More than three years after its original filing, Apple has finally been granted an iPhone patent that could potentially see the touchscreen smartphone market become much more monopolized.
With US patent number 7966578, Apple has been awarded control over “[a] computer-implemented method, for use in conjunction with a portable multifunction device with a touch screen display, [that] comprises displaying a portion of page content, including a frame displaying a portion of frame content and also including other content of the page, on the touch screen display”. Basically, the patent gives Apple full ownership of “capacitive multitouch interface”–the touchscreen interface commonly used by smartphone manufacturers–which is the way you would navigate yourself around a touchscreen while using other multitouch gestures (for instance, scrolling around a webpage with a finger, while also being able to use a two-finger touch on an embedded frame on the page).
In fact, the patent is so broad, it could even affect makers of tablets and music players with particular touchscreens.
According to one source speaking to PC Mag, Apple could use this to “bully” other companies such as HTC, Samsung, Motorola and Nokia by using yet more lawsuits to stamp out competition.
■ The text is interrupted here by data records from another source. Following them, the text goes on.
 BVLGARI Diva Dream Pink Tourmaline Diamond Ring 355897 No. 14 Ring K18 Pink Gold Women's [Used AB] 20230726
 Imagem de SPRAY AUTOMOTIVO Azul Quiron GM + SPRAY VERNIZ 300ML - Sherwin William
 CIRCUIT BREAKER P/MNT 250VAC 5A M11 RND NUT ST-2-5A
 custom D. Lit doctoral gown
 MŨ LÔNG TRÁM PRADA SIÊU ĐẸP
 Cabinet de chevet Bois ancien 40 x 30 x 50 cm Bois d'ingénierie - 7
What’s more, one patent expert believes that the highly-detailed file could make it quite hard to create a good competitor to the iPhone, therefore stifling innovation.
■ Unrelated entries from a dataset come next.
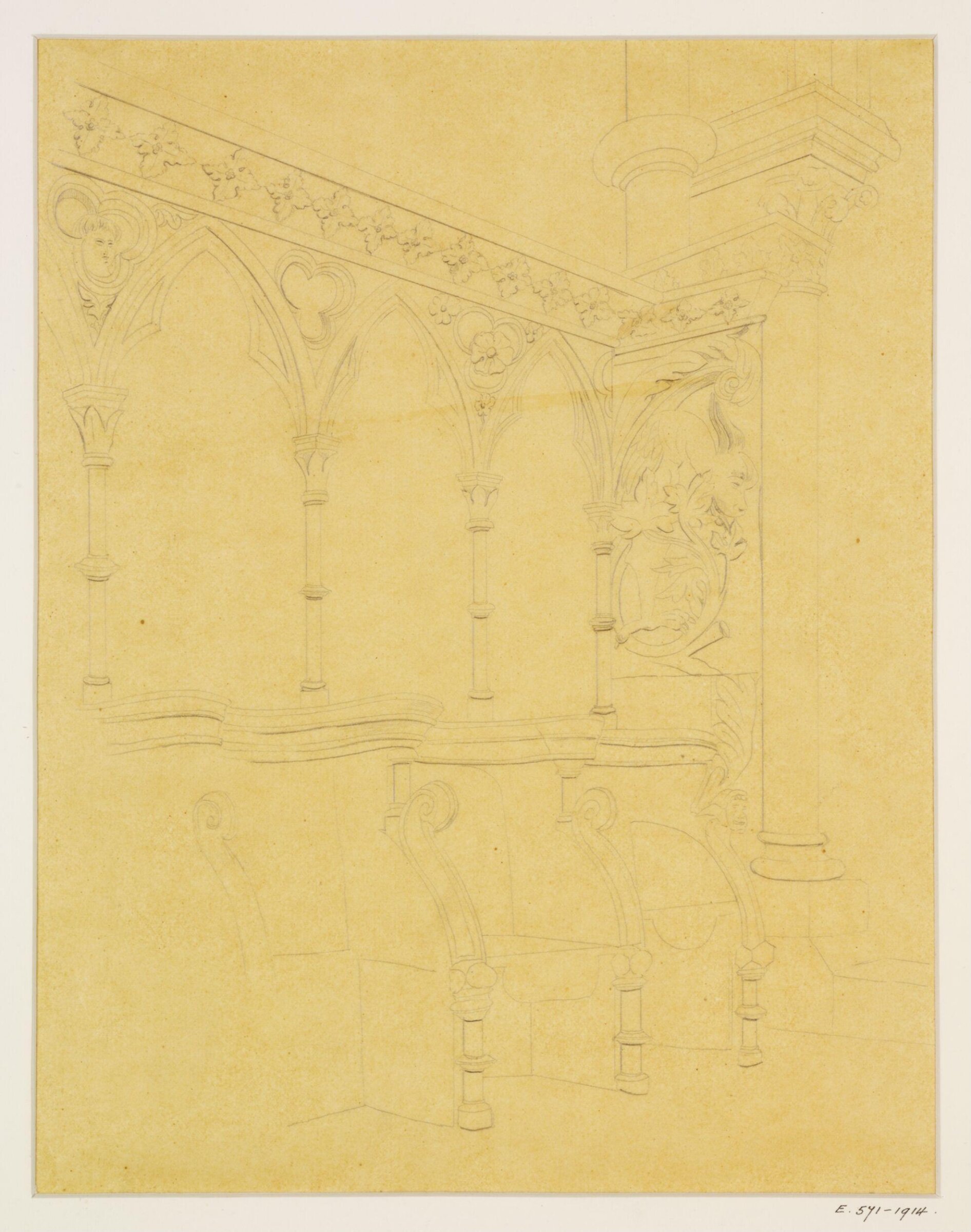 Drawing, Georges Adelmard Bouet, XIX век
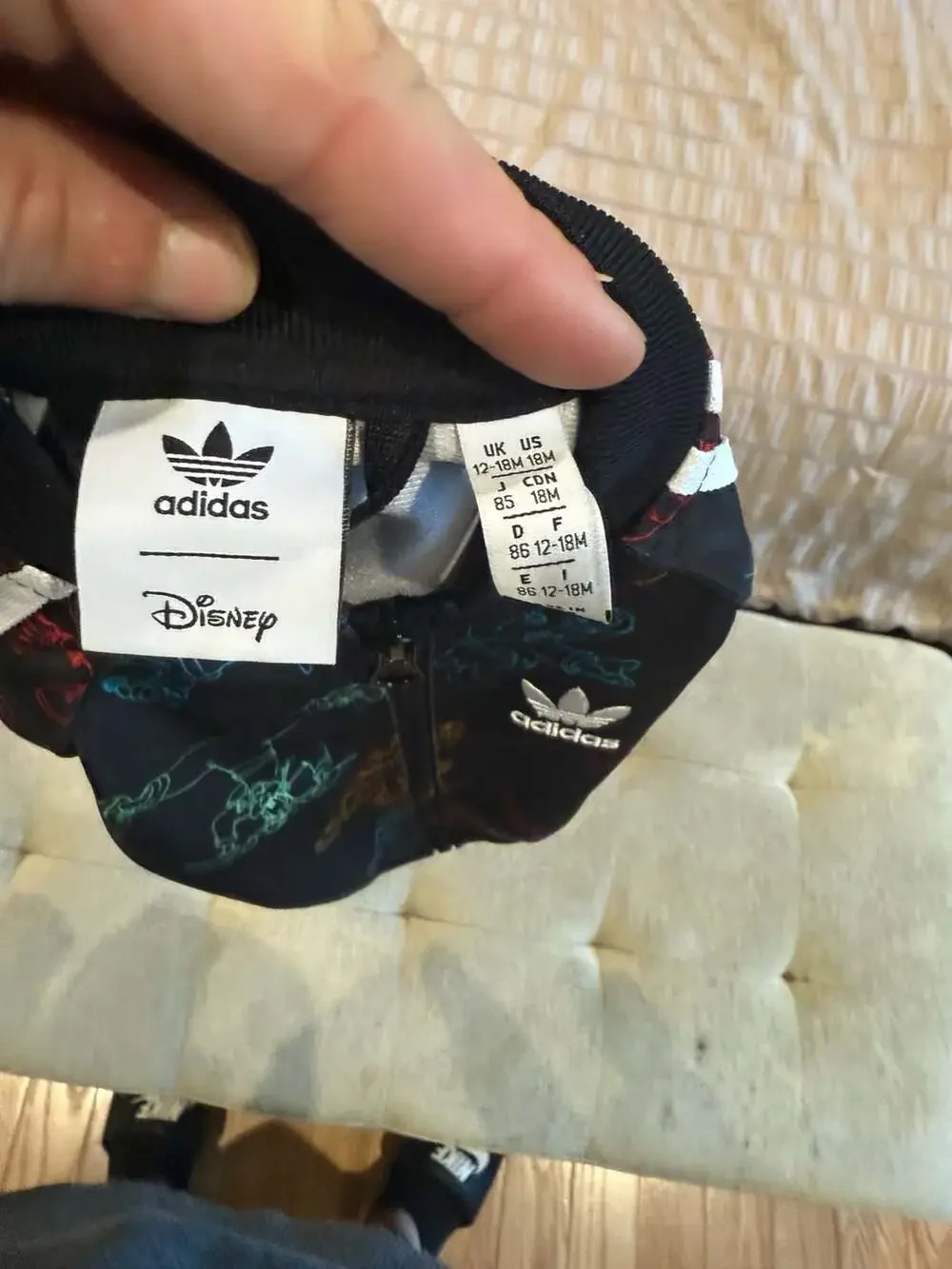 Adidas x Disney Mickey Mouse SST Track Jacket Black Size 12-18M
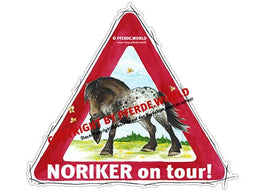 Aufkleber Noriker on Tour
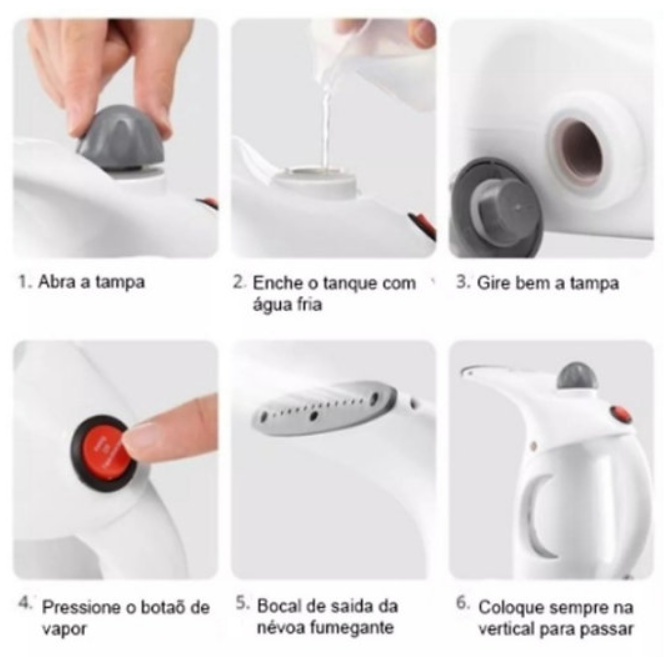 Passadeira a vapor - Portátil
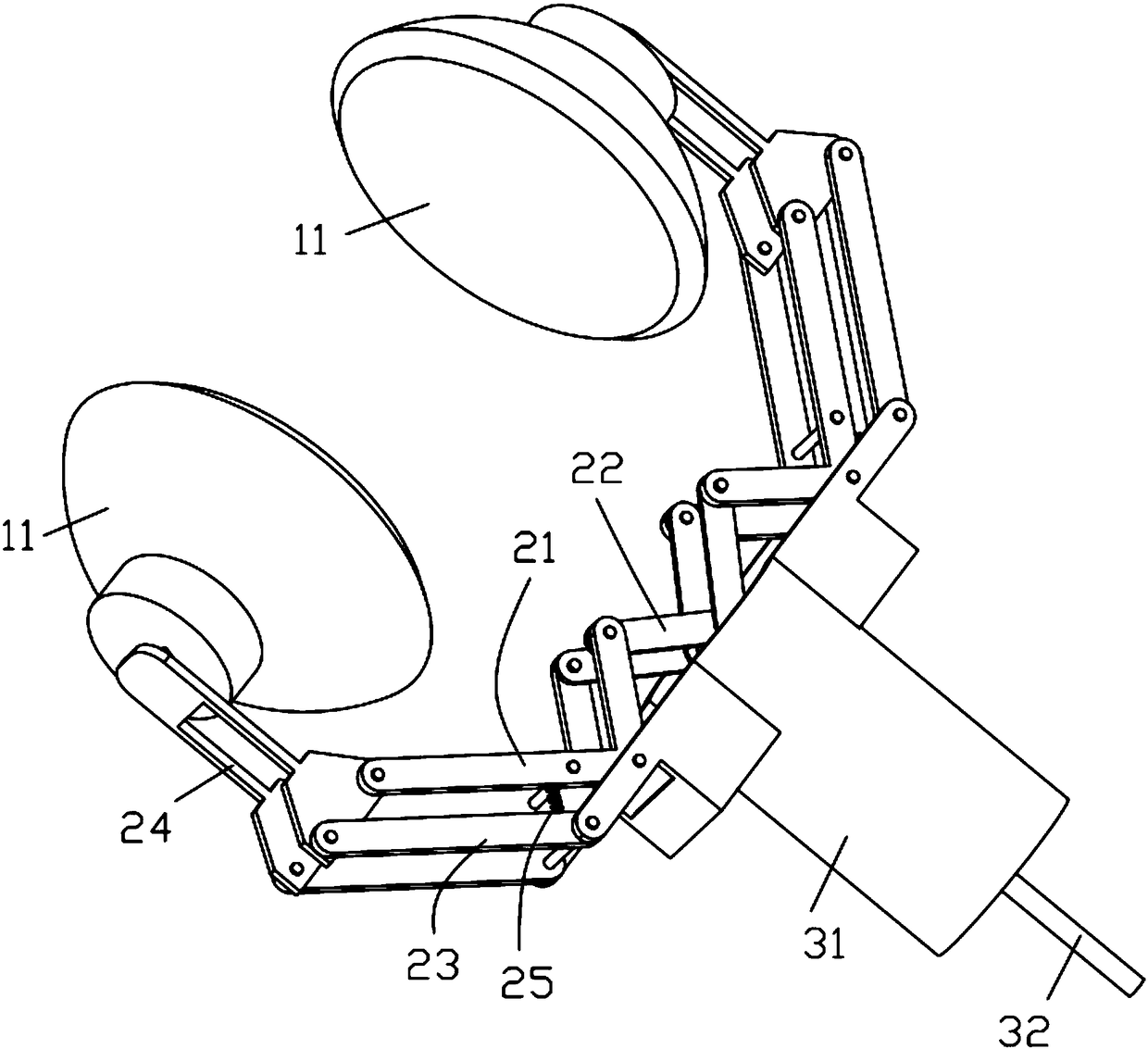 Adaptive bending-twisting metamorphic fruit-picking device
However, this doesn’t necessarily mean the end of a rich and varied touchscreen cellphone market, as the above statement is more worst case scenario. It all depends how Apple uses this patent against its competitors. Should Apple decide to take a company to the courts over the patent infringement, it would have to prove that the multitouch interface was a direct copy of its own. It’s pretty doubtful big companies such as HTC would go and fully copy the iPhone’s touchscreen, characteristic-for-characteristic.
More likely, though, Apple and other companies will deal with the new patent out-of-court by essentially licensing the technology–every company that wants to use a setup like the iPhone and iPad would pay Apple a cash sum to lease the rights.
There is also a chance that, if Apple does prefer to be particularly hostile and take various companies on over infringements rather than offer licenses, the courts could rule that in the public interest the patent be revoked. If that was a possibility, it makes one wonder if there was any point in granting the patent after all this time anyway.